TORONTO — Canada is facing a wave of retirements from workers in high-pressure sectors, with more people retiring before the age of 65.
According to a new analysis of labor force survey data by the Canadian Center for Policy Alternatives (CCPA), 73,000 people left the workforce in the year ending August 2022, a 32% increase compared to the previous year.
Two-thirds of these over-retirees belonged to four industries: health care, construction, retail, education and social assistance.
Senior economist David McDonald said it’s very rare to see this level of retirees. But a closer look at some of the industries in question shows that workers are probably retiring sooner than planned due to burnout, stress, and the hardships of the ongoing pandemic.

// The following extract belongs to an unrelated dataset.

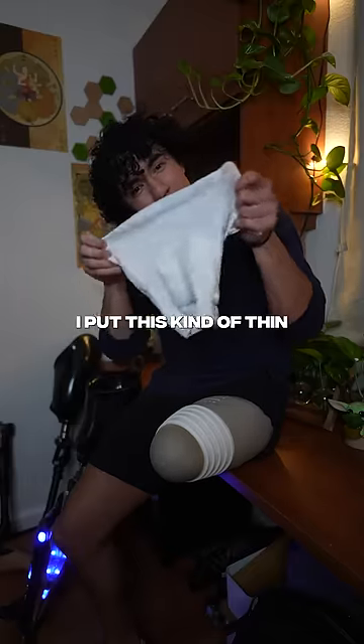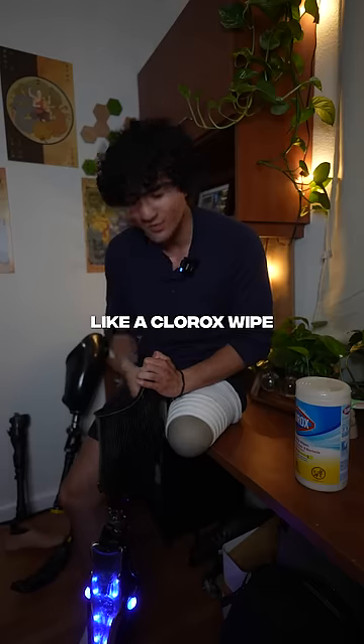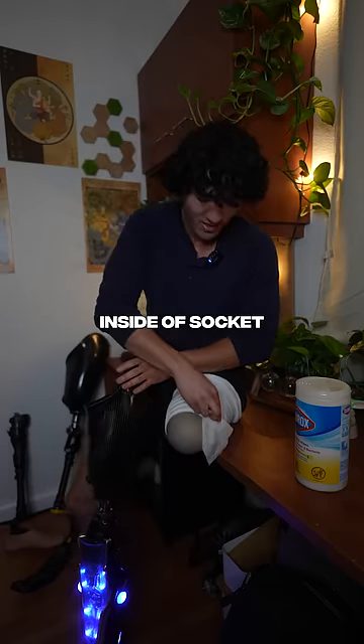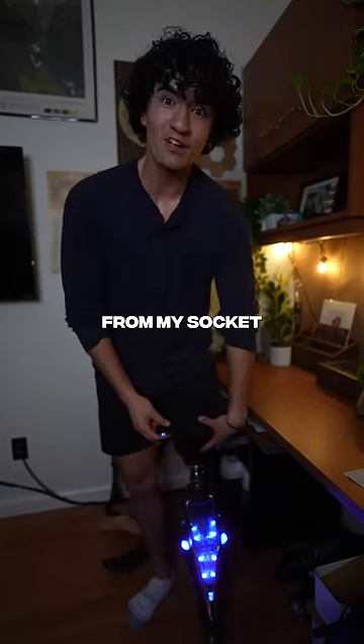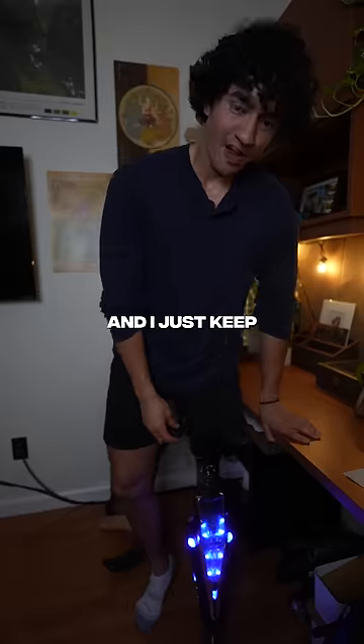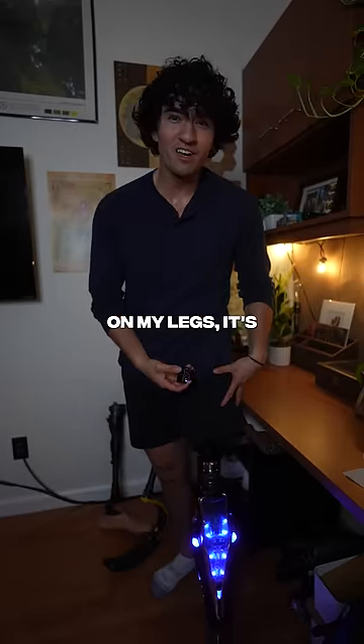All I do is put this kind of thin, two-ply fabric sock on. I have to grab a Clorox wipe or some rubbing alcohol to put inside the socket and a little bit on the liner, then pop my leg on. What you're gonna hear is the air from my socket releasing from this little valve here, and I just keep pressing up and down until you don't hear the air. If I don't have the sock on, my leg is just gonna pop off.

The number of retirees is expected to rise gradually as baby boomers retire, but McDonald’s said 2022 will see a clear spike.
“It’s become a short-term trend because it’s so focused on a few specific areas,” he said.
A wave of retirements began in early 2022, McDonald’s found. By April 2022, annual health care retirees nearly doubled, surpassing him by 19,000 retirees compared to a year ago.
McDonald said this probably means there will be a wave of highly skilled nurses leaving the profession due to burnout two years after the pandemic.
Canada’s most populous province is also experiencing a wave of retirements, accounting for 66% of excess retirements in the year ending August despite making up less than 40% of the Canadian workforce. Many teachers have retired. His two-thirds of the extra retirees in education were in Ontario.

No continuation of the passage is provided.